-- Activity --
Your copy should hold only the lines from the one holding "a little girl sitting on a bed with a cat" through the last line of the records below, both included, each exact and with no pictures.

_ _ _

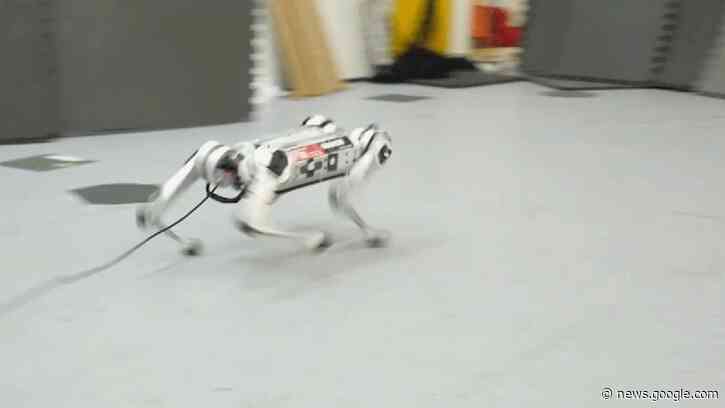 MIT's Robotic Cheetah Taught Itself How to Run and Set a New Speed Record in the Process - Gizmodo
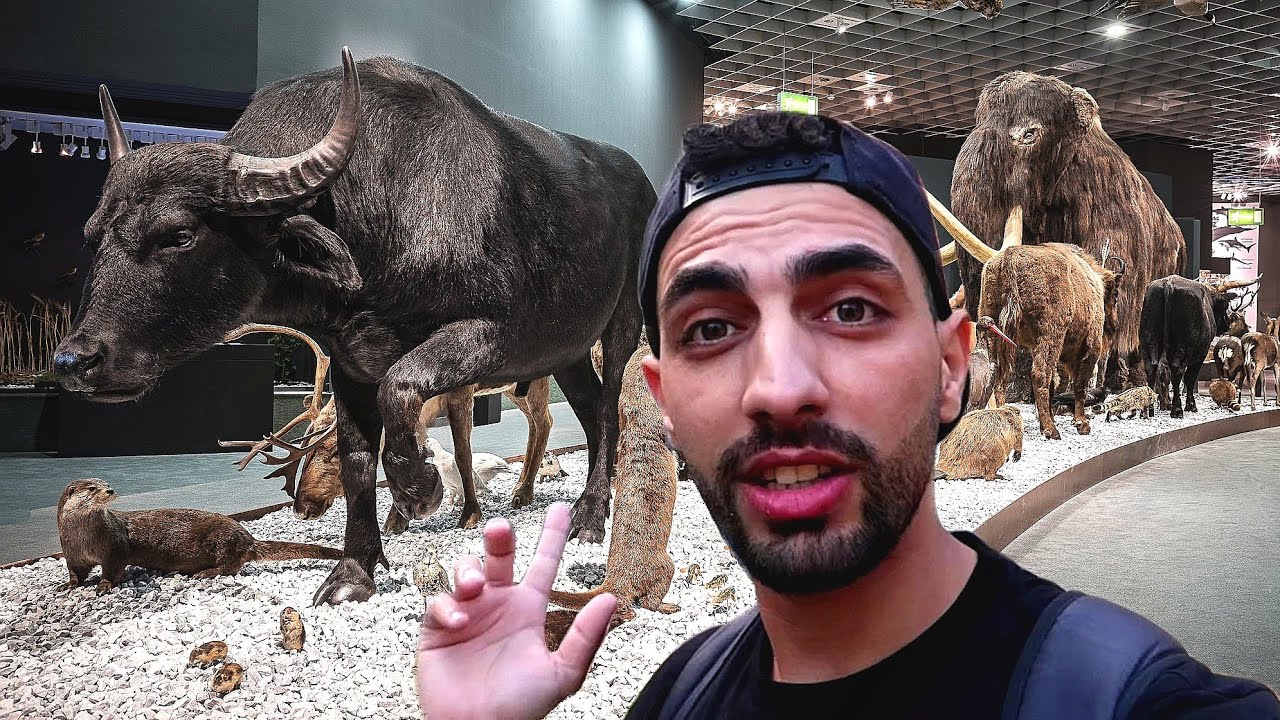 فلوق عالم الحيوانات المنقرضه😱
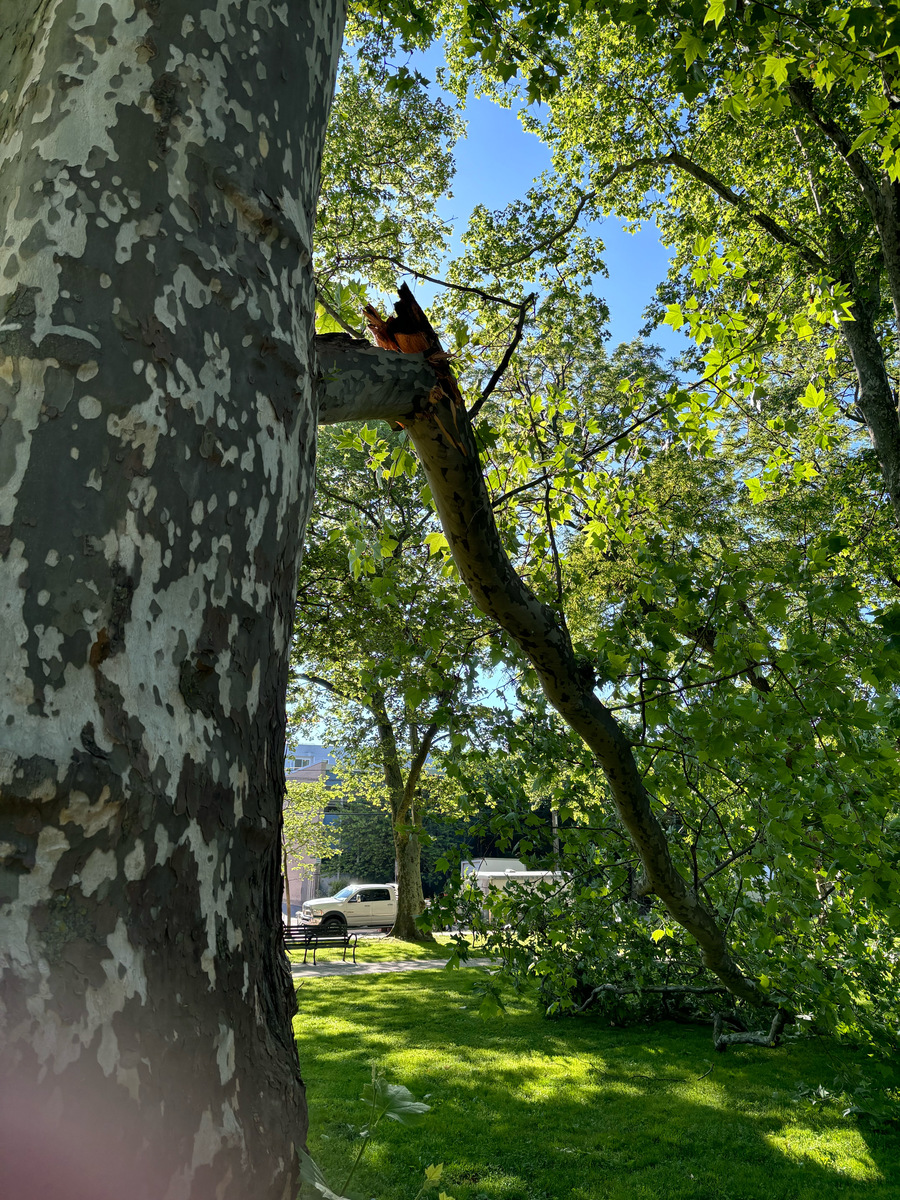Photographic documentation of the work as submitted to the city's 311 record.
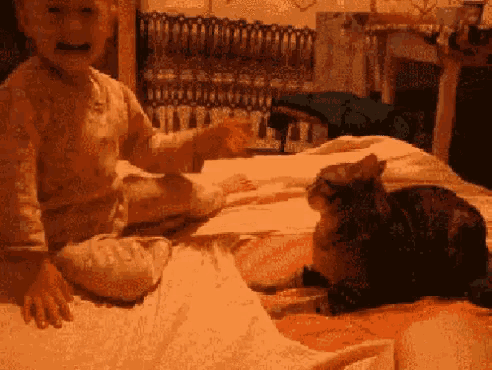 a little girl sitting on a bed with a cat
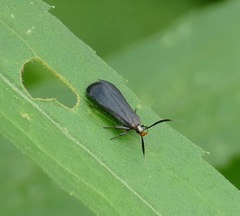 Dichomeris nonstrigella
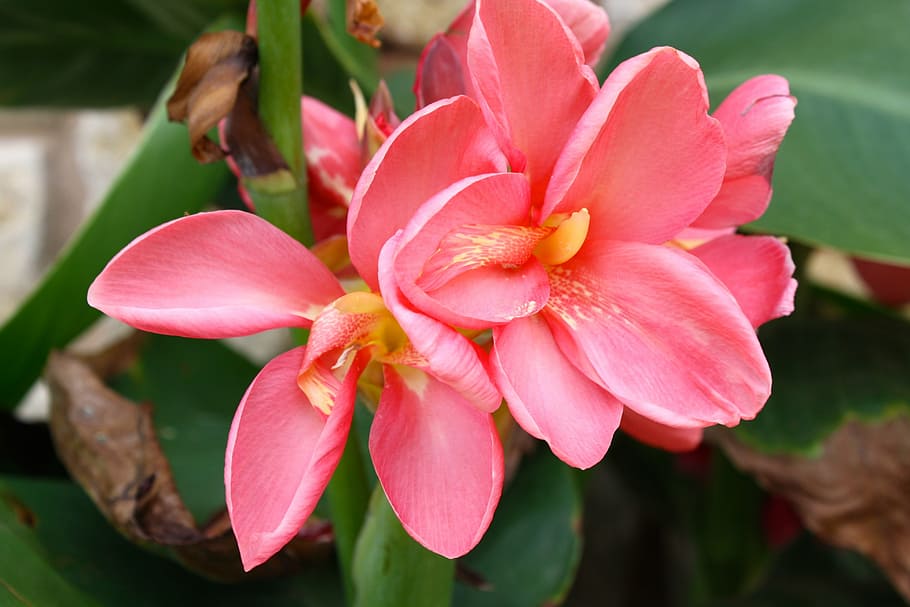 flower, pink, floral, spring, natural, bloom, flowering plant HD wallpaper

_ _ _

-- Task output --
 a little girl sitting on a bed with a cat
 Dichomeris nonstrigella
 flower, pink, floral, spring, natural, bloom, flowering plant HD wallpaper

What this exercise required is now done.